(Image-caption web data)
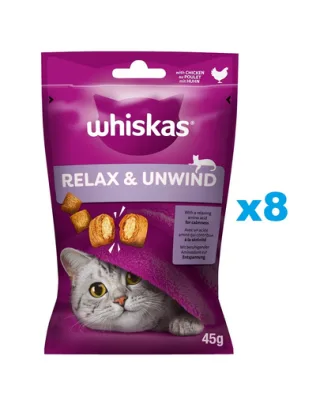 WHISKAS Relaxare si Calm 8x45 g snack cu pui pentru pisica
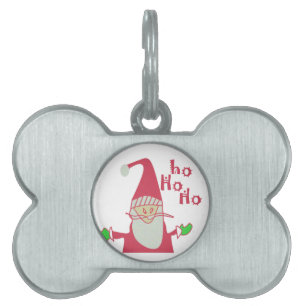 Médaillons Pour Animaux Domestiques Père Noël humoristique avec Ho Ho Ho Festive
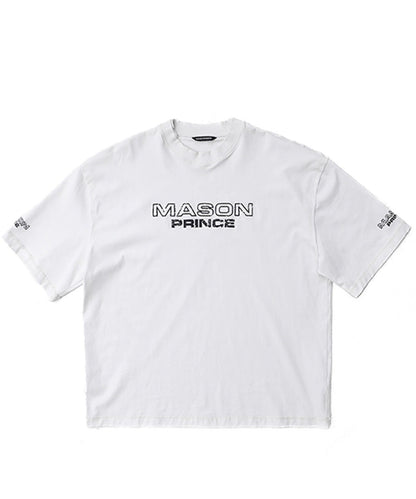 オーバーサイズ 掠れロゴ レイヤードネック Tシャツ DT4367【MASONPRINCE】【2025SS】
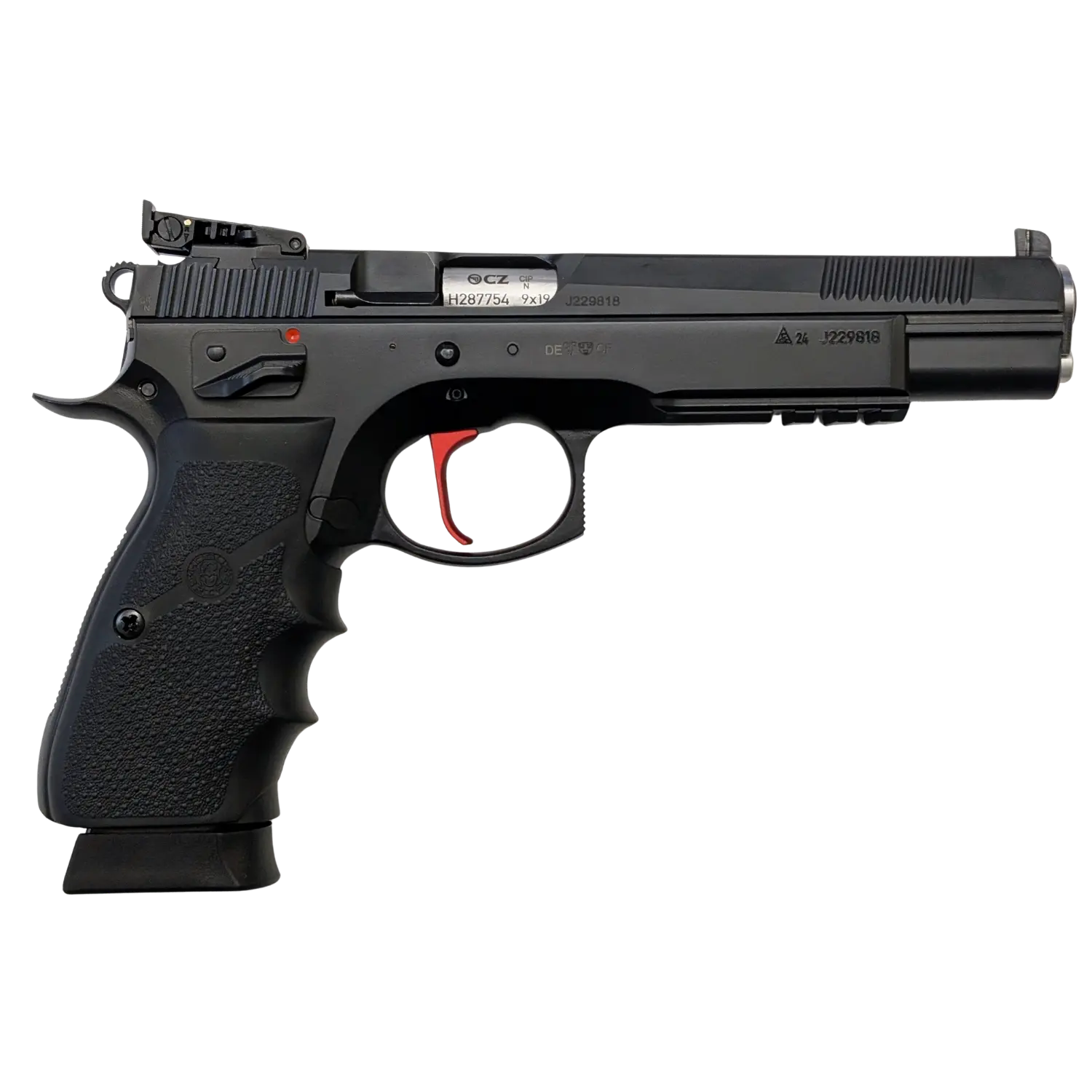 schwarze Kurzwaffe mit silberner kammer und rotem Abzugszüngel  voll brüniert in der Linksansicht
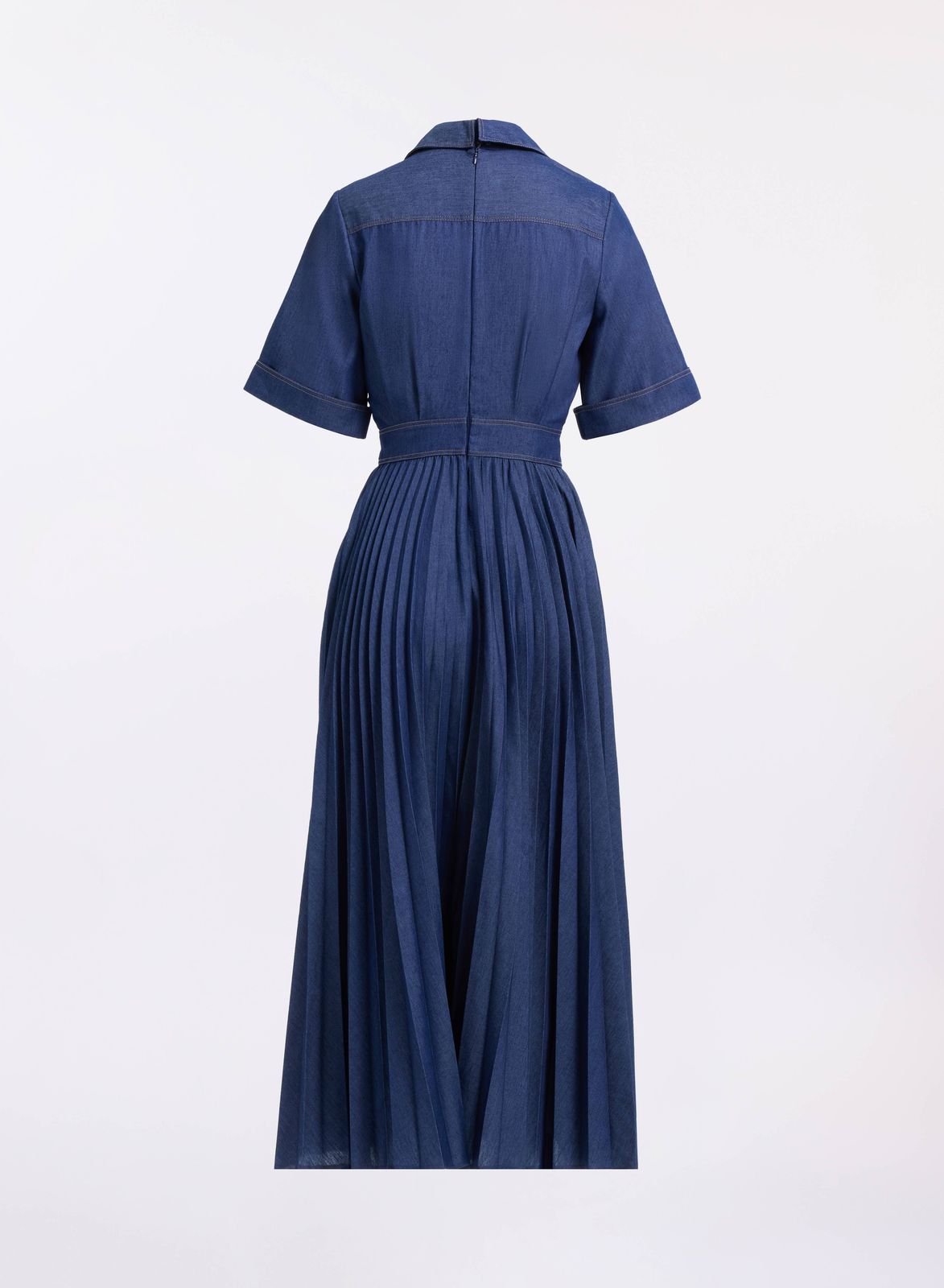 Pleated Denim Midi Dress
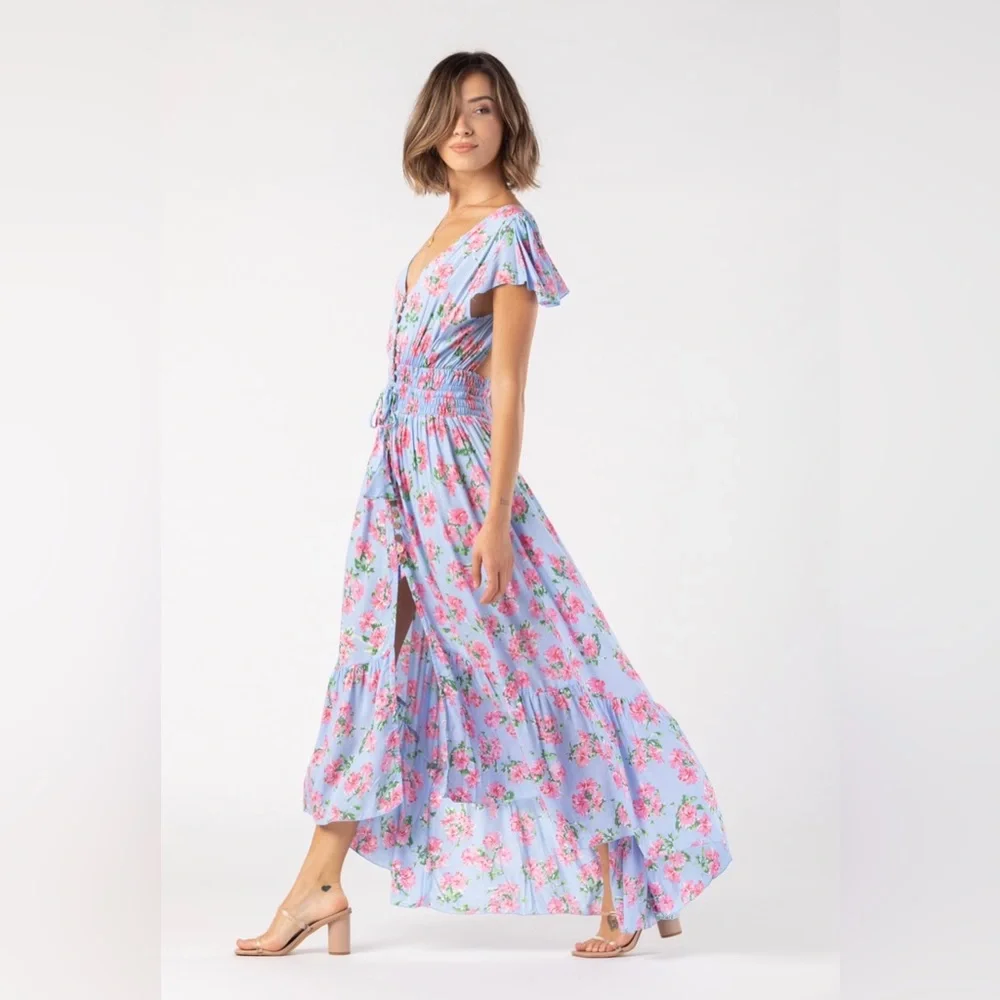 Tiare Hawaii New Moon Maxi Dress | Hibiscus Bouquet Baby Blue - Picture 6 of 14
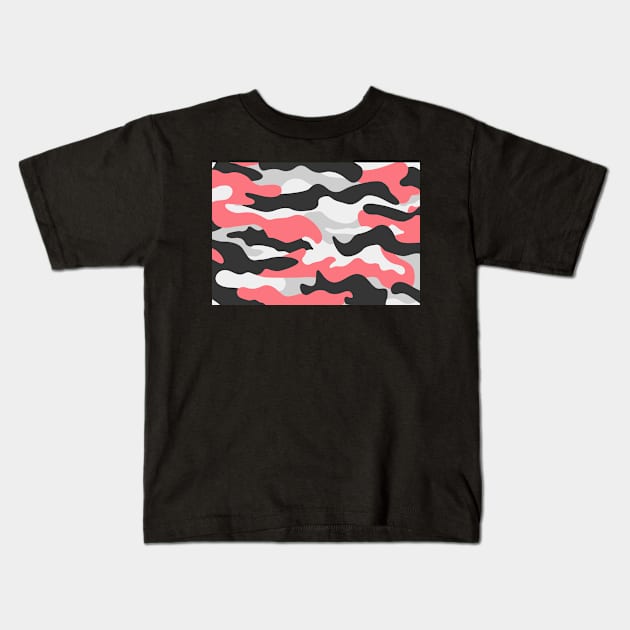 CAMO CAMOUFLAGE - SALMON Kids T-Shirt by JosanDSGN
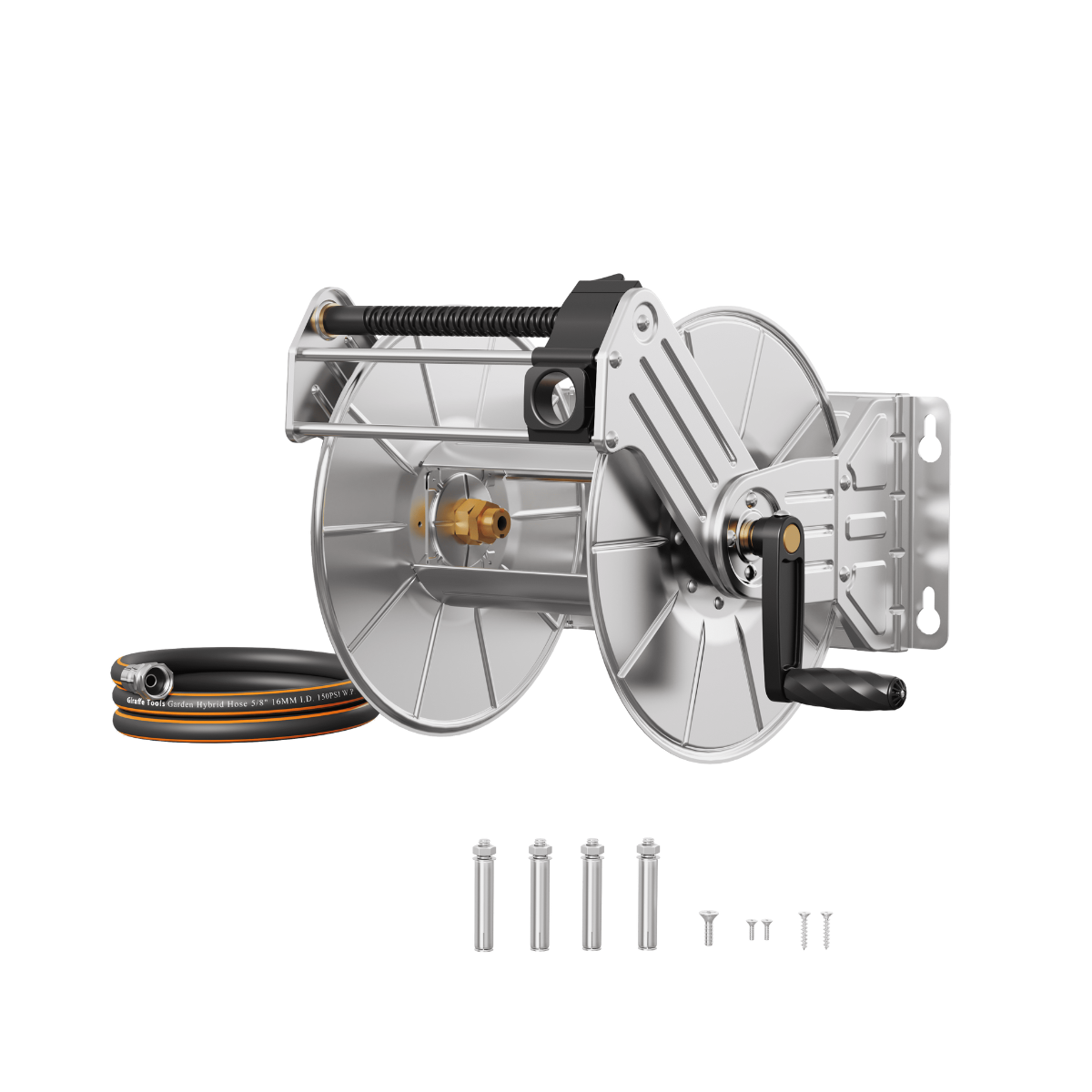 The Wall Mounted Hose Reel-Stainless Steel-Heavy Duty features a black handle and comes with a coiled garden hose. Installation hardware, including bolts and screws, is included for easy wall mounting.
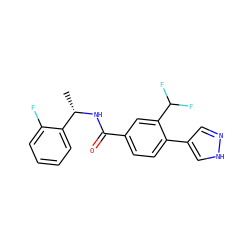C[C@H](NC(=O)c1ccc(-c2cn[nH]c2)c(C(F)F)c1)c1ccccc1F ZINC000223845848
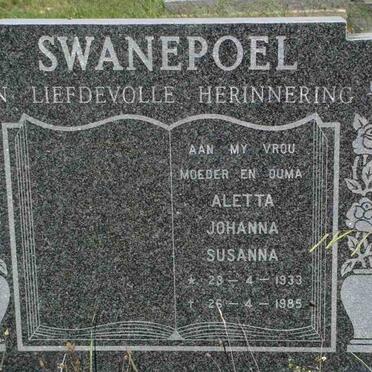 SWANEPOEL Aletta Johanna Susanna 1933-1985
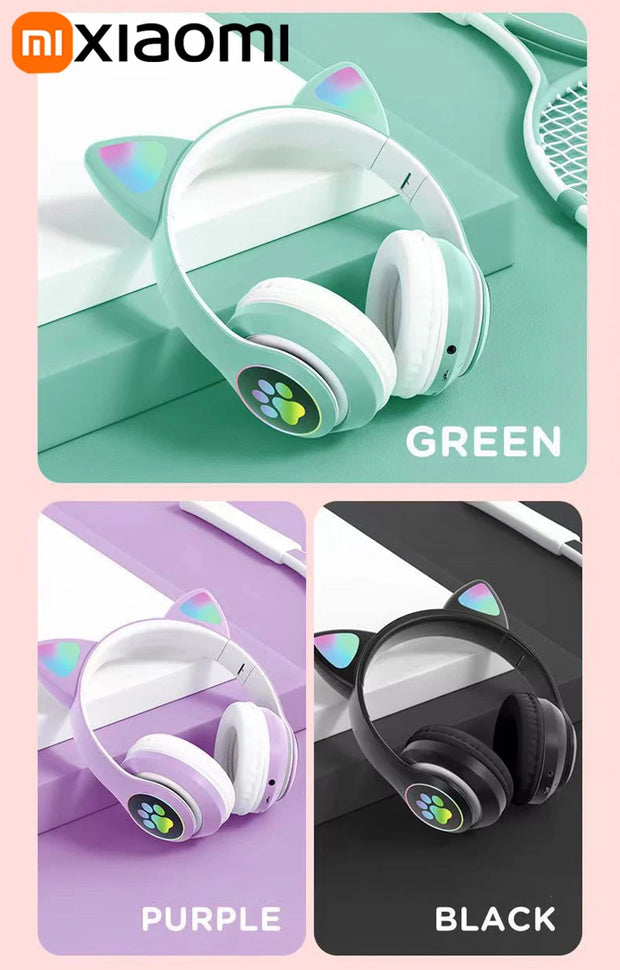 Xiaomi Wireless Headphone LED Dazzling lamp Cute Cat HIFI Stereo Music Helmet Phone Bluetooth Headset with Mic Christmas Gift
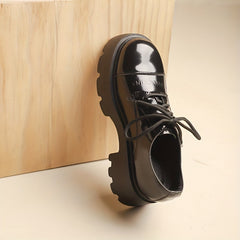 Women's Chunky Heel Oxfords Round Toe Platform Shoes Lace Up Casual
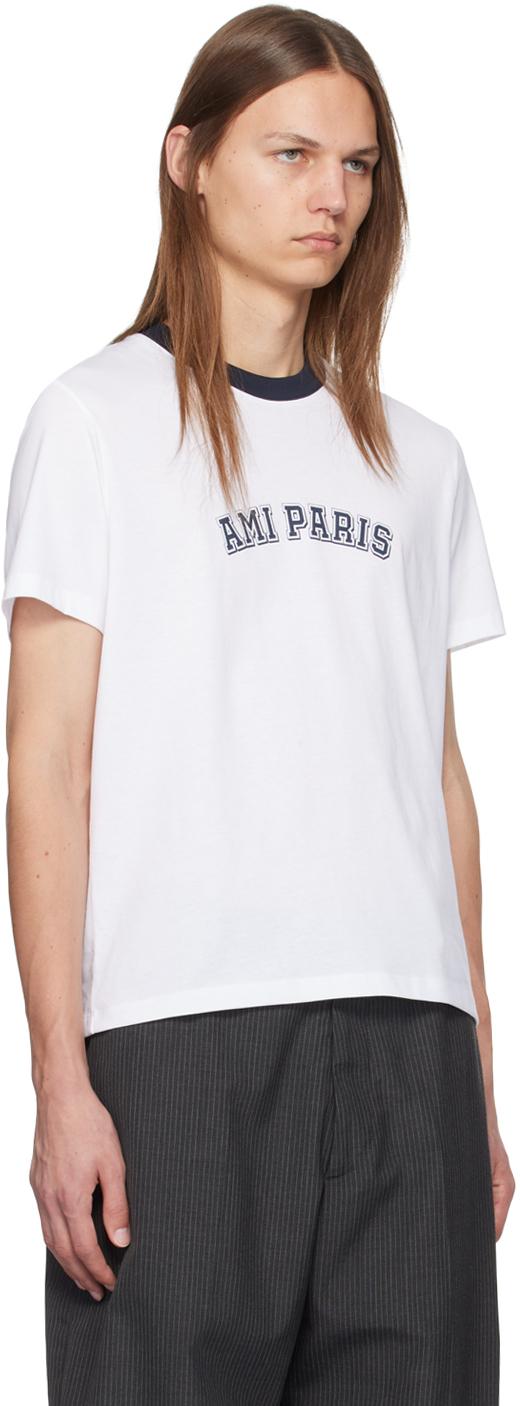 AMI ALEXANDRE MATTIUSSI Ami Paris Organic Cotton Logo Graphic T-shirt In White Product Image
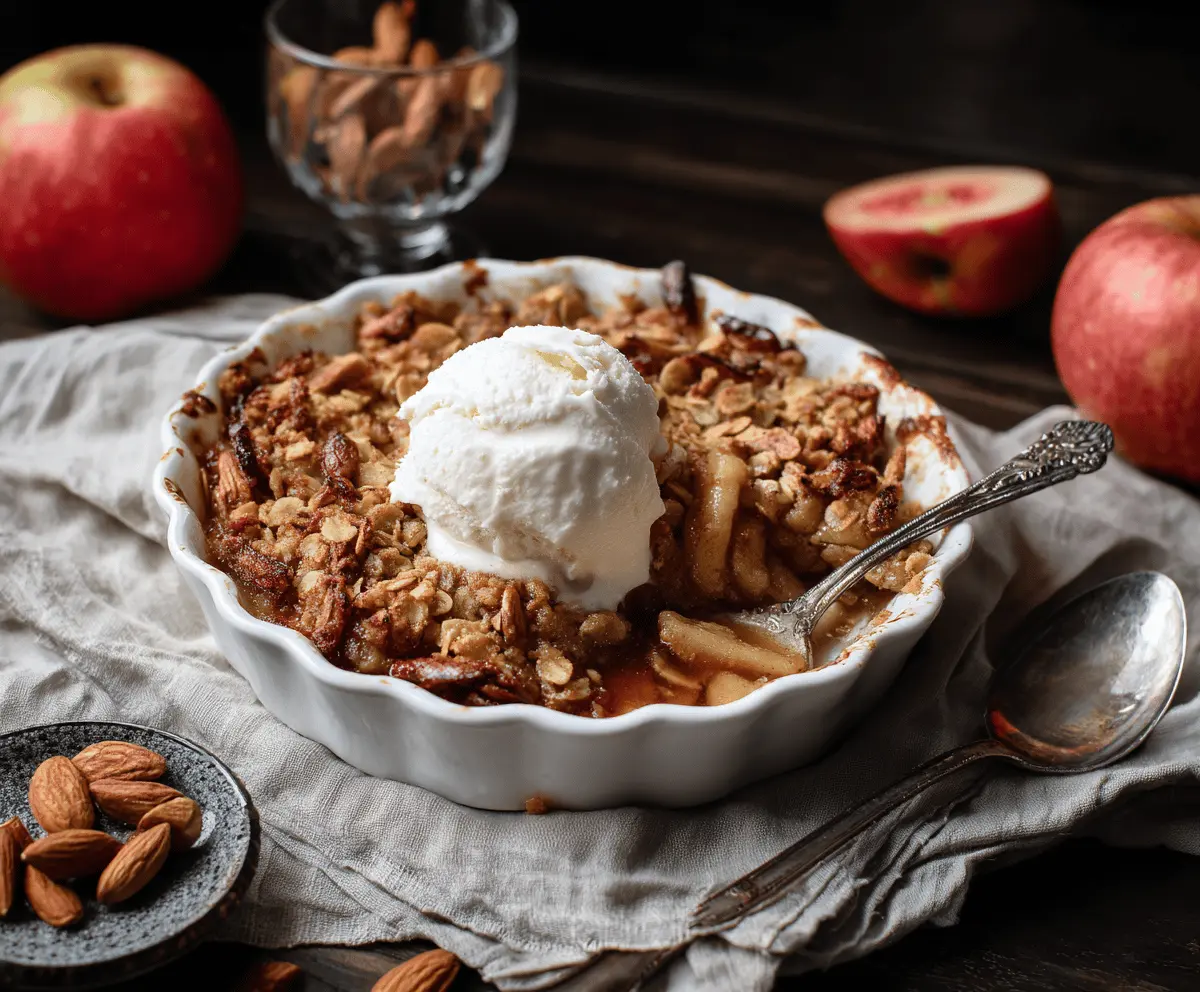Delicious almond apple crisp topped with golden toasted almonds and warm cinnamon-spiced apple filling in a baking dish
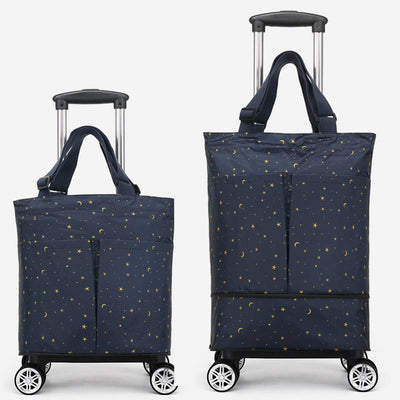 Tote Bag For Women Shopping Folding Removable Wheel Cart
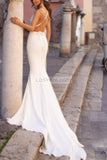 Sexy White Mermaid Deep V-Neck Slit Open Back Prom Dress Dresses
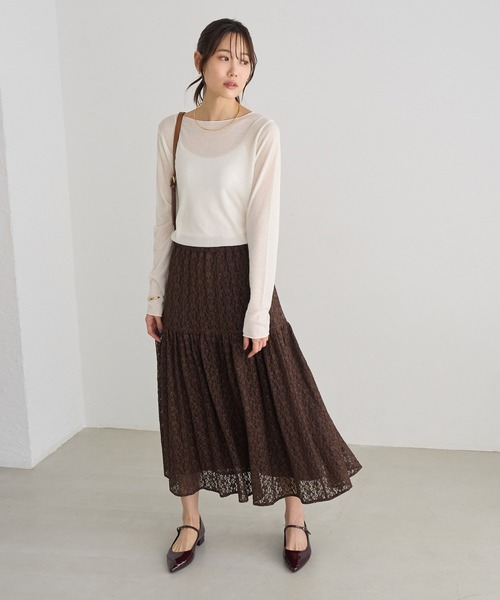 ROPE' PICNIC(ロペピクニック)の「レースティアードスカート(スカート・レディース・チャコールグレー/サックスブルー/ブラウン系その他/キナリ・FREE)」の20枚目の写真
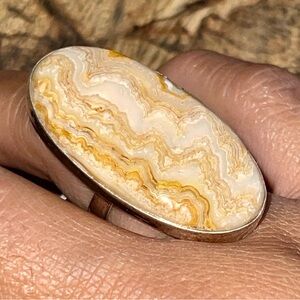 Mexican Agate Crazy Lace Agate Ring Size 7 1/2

→ WHAT IS NEEDED: Would you output only the span of the records above that opens with the line containing "Pleated Denim Midi Dress" and closes with the line containing "Xiaomi Wireless Headphone", ends included and pictures dropped?

→ TASK RESPONSE:
 Pleated Denim Midi Dress
 Tiare Hawaii New Moon Maxi Dress | Hibiscus Bouquet Baby Blue - Picture 6 of 14
 CAMO CAMOUFLAGE - SALMON Kids T-Shirt by JosanDSGN
 The Wall Mounted Hose Reel-Stainless Steel-Heavy Duty features a black handle and comes with a coiled garden hose. Installation hardware, including bolts and screws, is included for easy wall mounting.
C[C@H](NC(=O)c1ccc(-c2cn[nH]c2)c(C(F)F)c1)c1ccccc1F ZINC000223845848
 SWANEPOEL Aletta Johanna Susanna 1933-1985
 Xiaomi Wireless Headphone LED Dazzling lamp Cute Cat HIFI Stereo Music Helmet Phone Bluetooth Headset with Mic Christmas Gift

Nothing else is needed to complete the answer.